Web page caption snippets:
____
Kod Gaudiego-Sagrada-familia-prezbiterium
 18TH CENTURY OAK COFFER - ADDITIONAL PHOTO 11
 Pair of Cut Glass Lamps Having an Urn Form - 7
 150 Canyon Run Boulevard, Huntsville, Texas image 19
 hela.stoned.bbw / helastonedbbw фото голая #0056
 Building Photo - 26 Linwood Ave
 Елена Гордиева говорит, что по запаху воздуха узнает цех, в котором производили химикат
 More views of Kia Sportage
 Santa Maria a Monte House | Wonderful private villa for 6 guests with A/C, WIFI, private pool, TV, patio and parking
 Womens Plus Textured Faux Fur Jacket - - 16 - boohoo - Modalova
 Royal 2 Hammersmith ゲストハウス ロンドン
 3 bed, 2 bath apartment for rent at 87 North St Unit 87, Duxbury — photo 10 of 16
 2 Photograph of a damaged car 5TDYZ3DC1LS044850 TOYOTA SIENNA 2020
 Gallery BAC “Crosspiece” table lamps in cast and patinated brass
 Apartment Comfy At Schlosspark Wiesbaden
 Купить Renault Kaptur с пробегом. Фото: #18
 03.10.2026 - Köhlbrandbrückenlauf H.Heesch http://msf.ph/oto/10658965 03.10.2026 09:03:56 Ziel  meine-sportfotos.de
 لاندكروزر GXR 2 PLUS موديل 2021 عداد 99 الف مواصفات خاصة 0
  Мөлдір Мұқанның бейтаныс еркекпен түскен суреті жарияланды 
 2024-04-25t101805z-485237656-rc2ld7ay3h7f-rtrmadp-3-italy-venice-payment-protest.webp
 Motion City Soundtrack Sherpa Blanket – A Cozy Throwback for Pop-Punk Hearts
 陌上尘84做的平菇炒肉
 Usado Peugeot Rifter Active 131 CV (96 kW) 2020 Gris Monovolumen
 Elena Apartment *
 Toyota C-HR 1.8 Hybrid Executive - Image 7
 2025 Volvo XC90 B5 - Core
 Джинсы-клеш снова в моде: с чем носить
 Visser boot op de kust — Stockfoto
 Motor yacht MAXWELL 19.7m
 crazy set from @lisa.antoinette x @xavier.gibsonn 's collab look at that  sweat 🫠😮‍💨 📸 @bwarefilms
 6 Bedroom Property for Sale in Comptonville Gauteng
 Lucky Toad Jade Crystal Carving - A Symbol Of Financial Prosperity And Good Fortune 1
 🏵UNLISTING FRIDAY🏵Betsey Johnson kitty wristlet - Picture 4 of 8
____
> Brief: Take the records above and return, word for word, only the lines that fall from the line with "Santa Maria a" to the line with "Мөлдір Мұқанның бейтаныс", both of them included.

> Written reply:
 Santa Maria a Monte House | Wonderful private villa for 6 guests with A/C, WIFI, private pool, TV, patio and parking
 Womens Plus Textured Faux Fur Jacket - - 16 - boohoo - Modalova
 Royal 2 Hammersmith ゲストハウス ロンドン
 3 bed, 2 bath apartment for rent at 87 North St Unit 87, Duxbury — photo 10 of 16
 2 Photograph of a damaged car 5TDYZ3DC1LS044850 TOYOTA SIENNA 2020
 Gallery BAC “Crosspiece” table lamps in cast and patinated brass
 Apartment Comfy At Schlosspark Wiesbaden
 Купить Renault Kaptur с пробегом. Фото: #18
 03.10.2026 - Köhlbrandbrückenlauf H.Heesch http://msf.ph/oto/10658965 03.10.2026 09:03:56 Ziel  meine-sportfotos.de
 لاندكروزر GXR 2 PLUS موديل 2021 عداد 99 الف مواصفات خاصة 0
  Мөлдір Мұқанның бейтаныс еркекпен түскен суреті жарияланды 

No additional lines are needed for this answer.